» **Collected data**
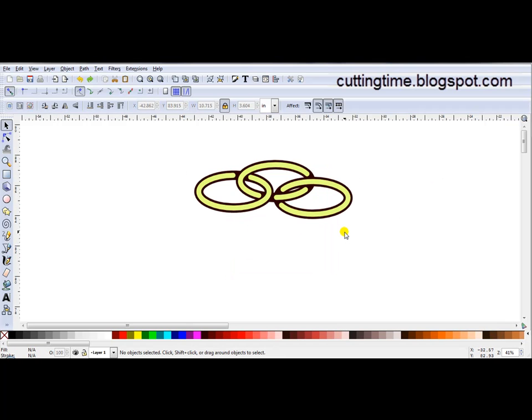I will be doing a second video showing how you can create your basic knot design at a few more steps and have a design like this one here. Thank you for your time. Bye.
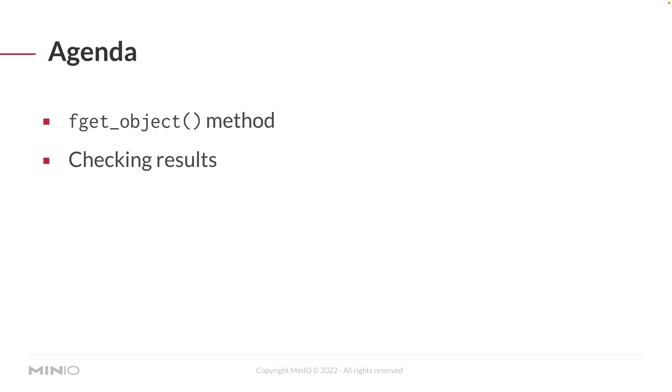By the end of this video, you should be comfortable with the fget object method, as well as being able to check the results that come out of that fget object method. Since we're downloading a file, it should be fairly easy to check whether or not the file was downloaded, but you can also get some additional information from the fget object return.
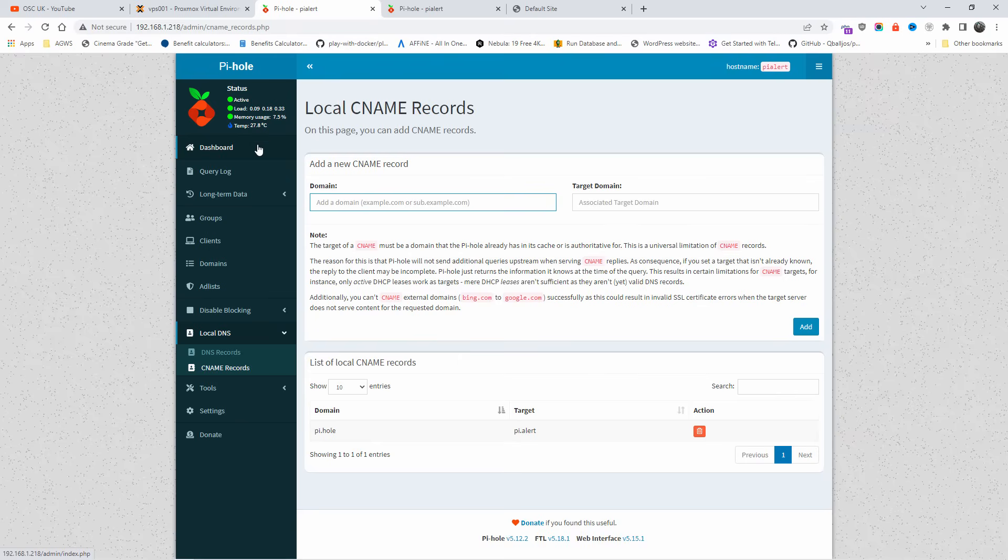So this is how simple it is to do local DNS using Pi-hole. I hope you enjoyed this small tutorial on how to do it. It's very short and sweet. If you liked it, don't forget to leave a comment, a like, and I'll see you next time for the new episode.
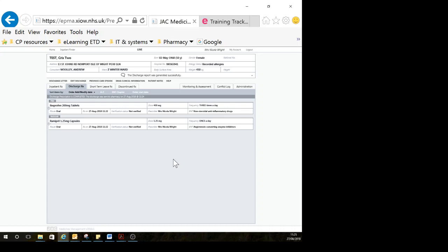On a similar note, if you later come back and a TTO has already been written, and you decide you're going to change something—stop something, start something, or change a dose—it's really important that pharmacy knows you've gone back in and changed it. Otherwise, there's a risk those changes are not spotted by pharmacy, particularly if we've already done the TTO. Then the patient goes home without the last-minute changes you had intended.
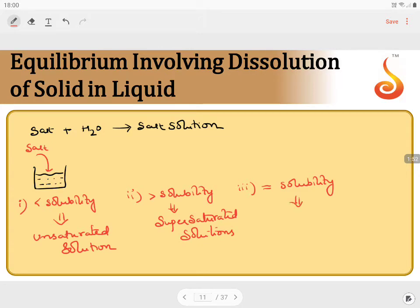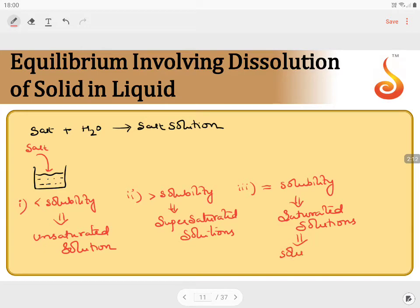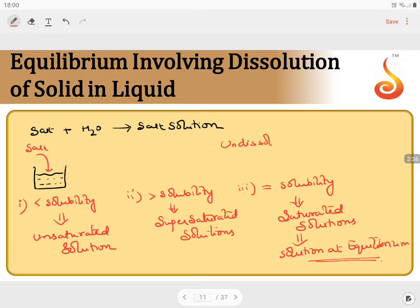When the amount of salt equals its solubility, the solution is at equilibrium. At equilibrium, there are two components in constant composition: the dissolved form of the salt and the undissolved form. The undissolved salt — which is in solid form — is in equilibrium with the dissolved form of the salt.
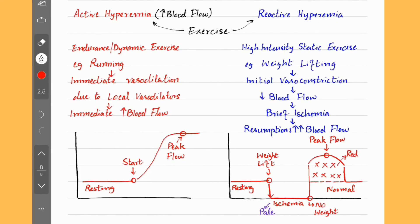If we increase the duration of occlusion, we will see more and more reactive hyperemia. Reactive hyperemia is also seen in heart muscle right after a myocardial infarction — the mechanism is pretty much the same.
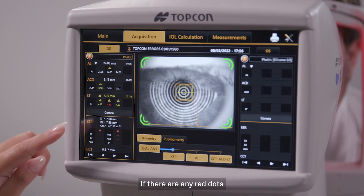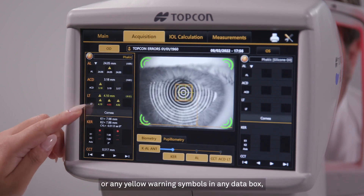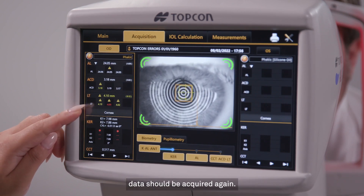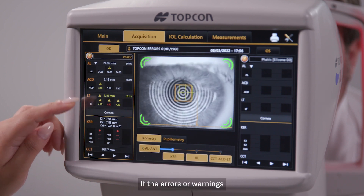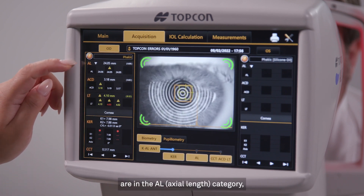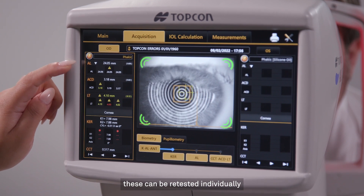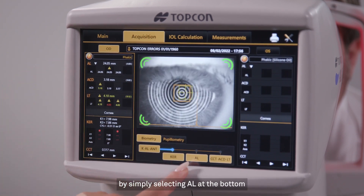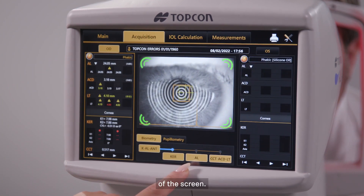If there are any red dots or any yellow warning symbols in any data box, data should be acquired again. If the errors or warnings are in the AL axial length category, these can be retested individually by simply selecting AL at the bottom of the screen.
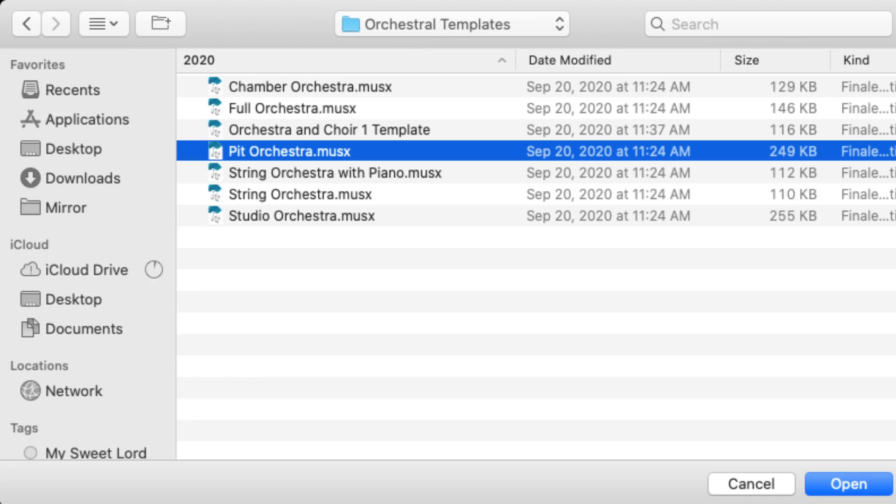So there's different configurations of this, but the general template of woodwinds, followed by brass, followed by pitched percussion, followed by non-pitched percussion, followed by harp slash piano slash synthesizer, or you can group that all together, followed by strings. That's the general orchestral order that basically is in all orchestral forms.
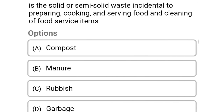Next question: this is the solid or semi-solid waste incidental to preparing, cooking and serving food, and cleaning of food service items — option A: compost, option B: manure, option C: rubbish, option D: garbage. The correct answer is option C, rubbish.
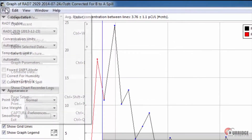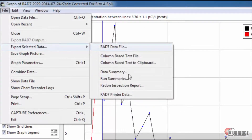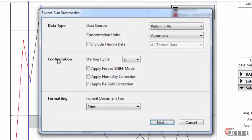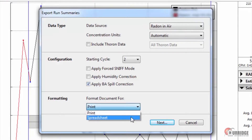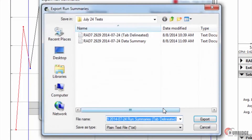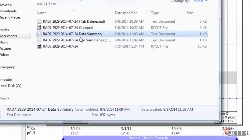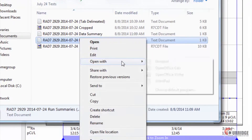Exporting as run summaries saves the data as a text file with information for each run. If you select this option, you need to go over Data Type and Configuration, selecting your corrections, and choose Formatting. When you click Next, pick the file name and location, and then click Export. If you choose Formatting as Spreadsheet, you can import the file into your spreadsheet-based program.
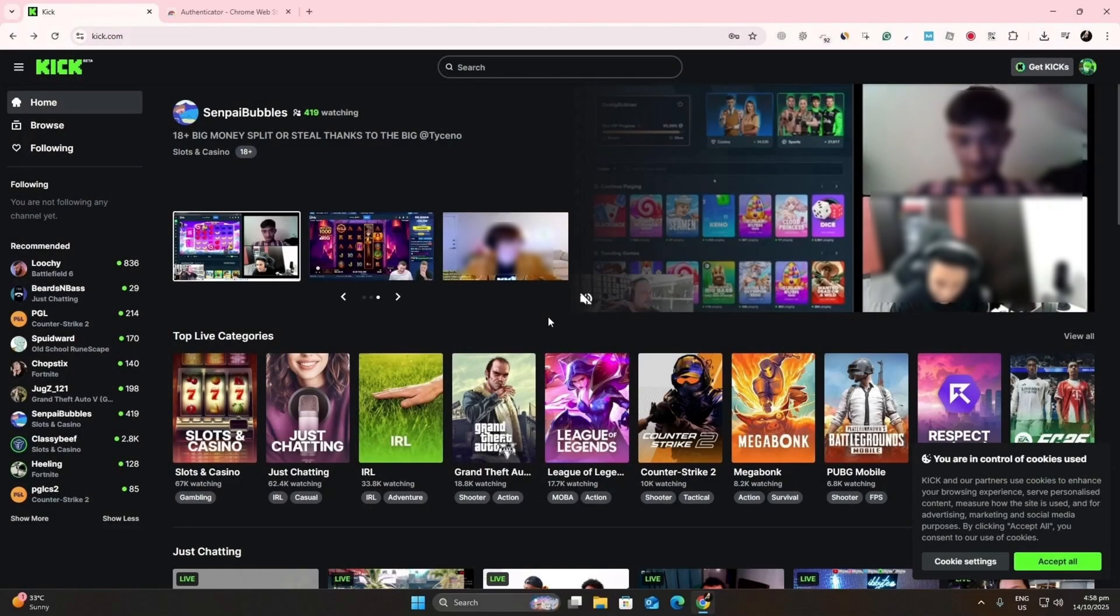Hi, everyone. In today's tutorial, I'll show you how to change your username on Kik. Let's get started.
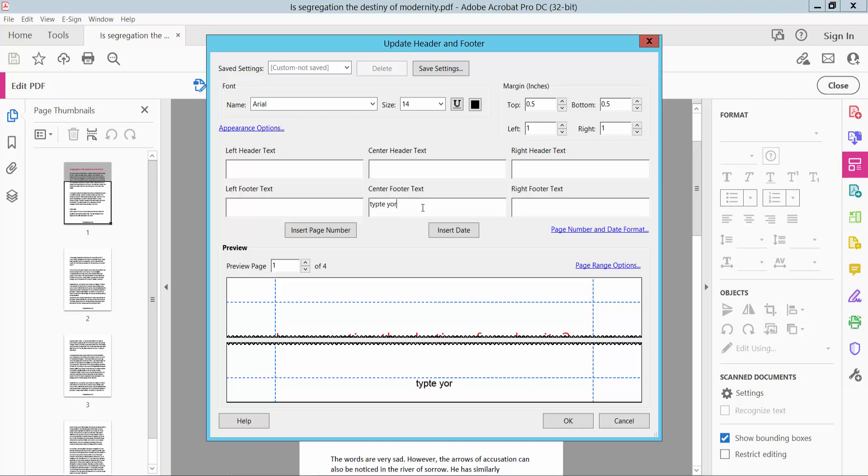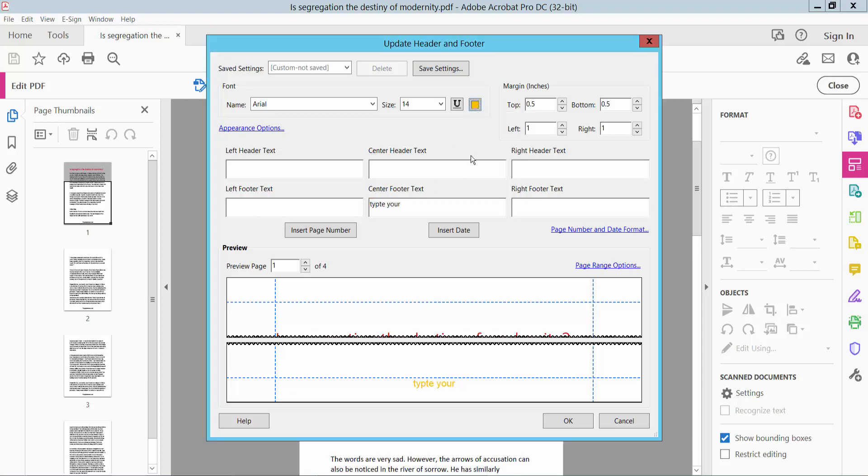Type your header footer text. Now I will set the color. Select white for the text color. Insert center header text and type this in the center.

» **Brief**
A verbatim transcription of the records, pictures excluded, is the required output.

» **Expected answer**
I will be doing a second video showing how you can create your basic knot design at a few more steps and have a design like this one here. Thank you for your time. Bye.
By the end of this video, you should be comfortable with the fget object method, as well as being able to check the results that come out of that fget object method. Since we're downloading a file, it should be fairly easy to check whether or not the file was downloaded, but you can also get some additional information from the fget object return.
So this is how simple it is to do local DNS using Pi-hole. I hope you enjoyed this small tutorial on how to do it. It's very short and sweet. If you liked it, don't forget to leave a comment, a like, and I'll see you next time for the new episode.
On a similar note, if you later come back and a TTO has already been written, and you decide you're going to change something—stop something, start something, or change a dose—it's really important that pharmacy knows you've gone back in and changed it. Otherwise, there's a risk those changes are not spotted by pharmacy, particularly if we've already done the TTO. Then the patient goes home without the last-minute changes you had intended.
When the amount of salt equals its solubility, the solution is at equilibrium. At equilibrium, there are two components in constant composition: the dissolved form of the salt and the undissolved form. The undissolved salt — which is in solid form — is in equilibrium with the dissolved form of the salt.
If we increase the duration of occlusion, we will see more and more reactive hyperemia. Reactive hyperemia is also seen in heart muscle right after a myocardial infarction — the mechanism is pretty much the same.
If there are any red dots or any yellow warning symbols in any data box, data should be acquired again. If the errors or warnings are in the AL axial length category, these can be retested individually by simply selecting AL at the bottom of the screen.
So there's different configurations of this, but the general template of woodwinds, followed by brass, followed by pitched percussion, followed by non-pitched percussion, followed by harp slash piano slash synthesizer, or you can group that all together, followed by strings. That's the general orchestral order that basically is in all orchestral forms.
Next question: this is the solid or semi-solid waste incidental to preparing, cooking and serving food, and cleaning of food service items — option A: compost, option B: manure, option C: rubbish, option D: garbage. The correct answer is option C, rubbish.
Exporting as run summaries saves the data as a text file with information for each run. If you select this option, you need to go over Data Type and Configuration, selecting your corrections, and choose Formatting. When you click Next, pick the file name and location, and then click Export. If you choose Formatting as Spreadsheet, you can import the file into your spreadsheet-based program.
Hi, everyone. In today's tutorial, I'll show you how to change your username on Kik. Let's get started.
Type your header footer text. Now I will set the color. Select white for the text color. Insert center header text and type this in the center.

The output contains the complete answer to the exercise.